=== Section Start ===

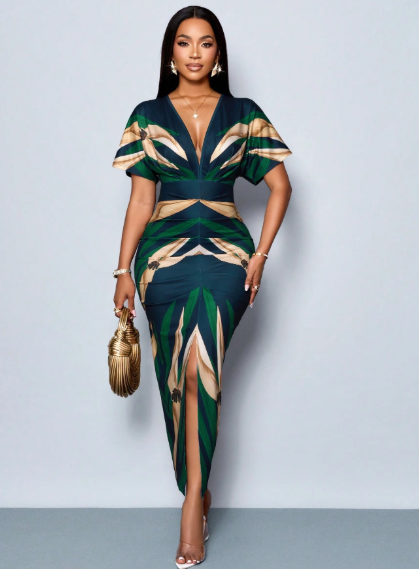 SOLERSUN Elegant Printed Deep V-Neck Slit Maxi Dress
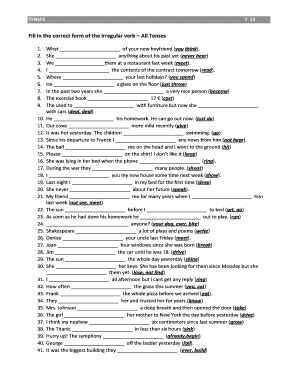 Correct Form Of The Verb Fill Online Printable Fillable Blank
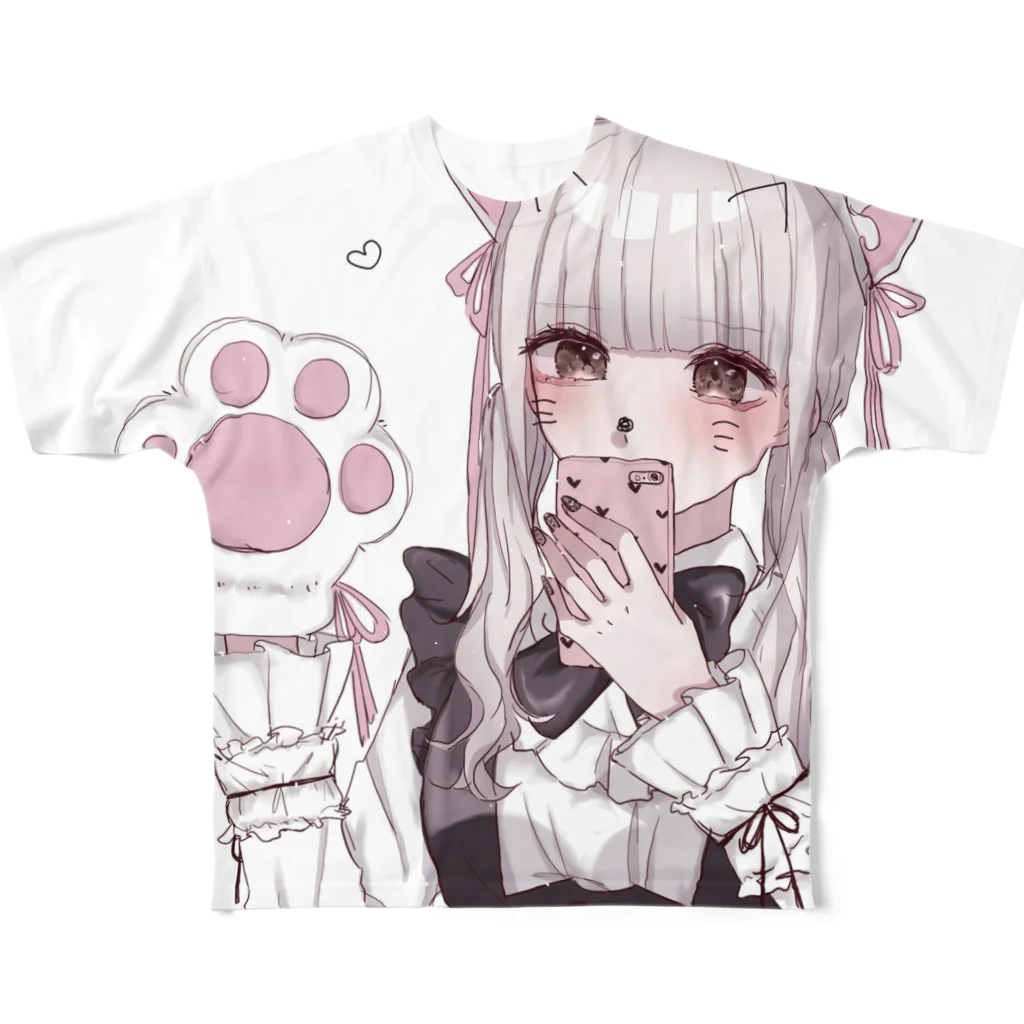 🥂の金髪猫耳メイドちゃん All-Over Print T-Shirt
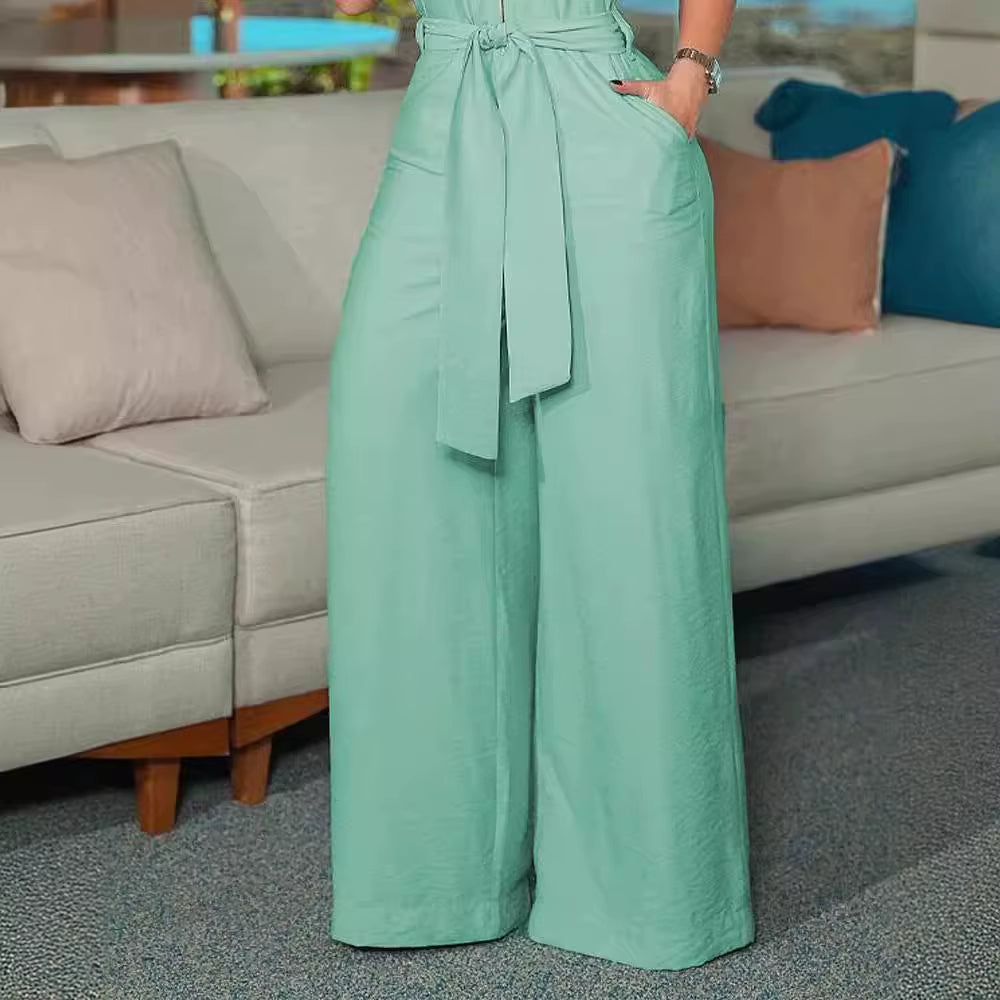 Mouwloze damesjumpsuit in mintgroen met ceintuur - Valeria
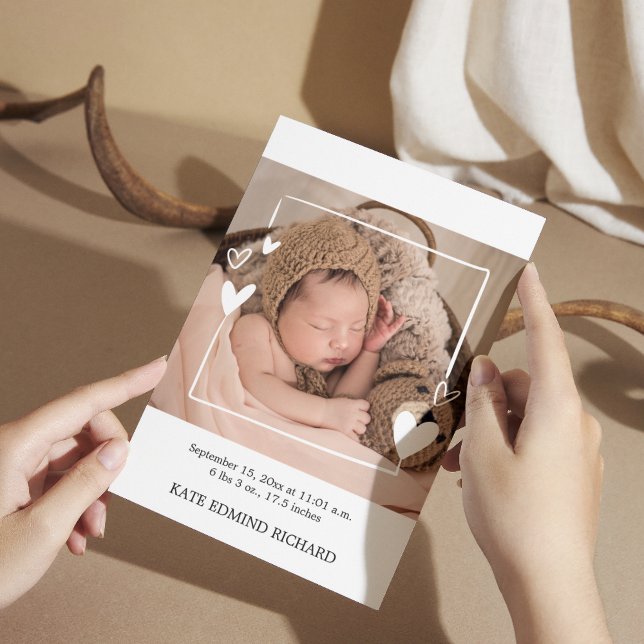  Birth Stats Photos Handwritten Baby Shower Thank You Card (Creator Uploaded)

=== Section End ===
=== Section Start ===

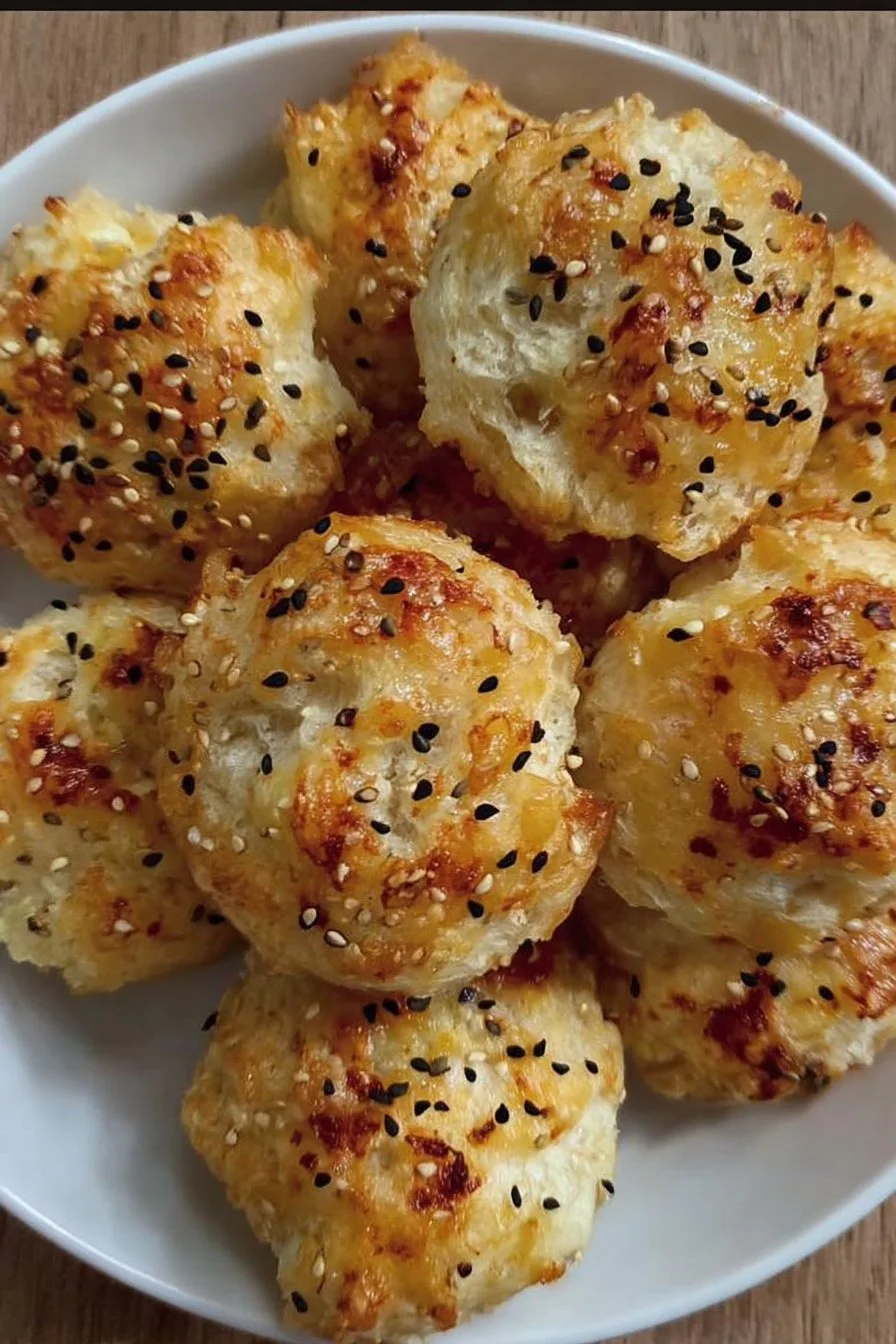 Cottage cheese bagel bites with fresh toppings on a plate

=== Section End ===

## WORK TO COMPLETE
Everything above from the line containing "Mouwloze damesjumpsuit in" through the line containing "Birth Stats Photos" must be repeated exactly, and the pictures must be left out.

## YOUR SOLUTION
 Mouwloze damesjumpsuit in mintgroen met ceintuur - Valeria
  Birth Stats Photos Handwritten Baby Shower Thank You Card (Creator Uploaded)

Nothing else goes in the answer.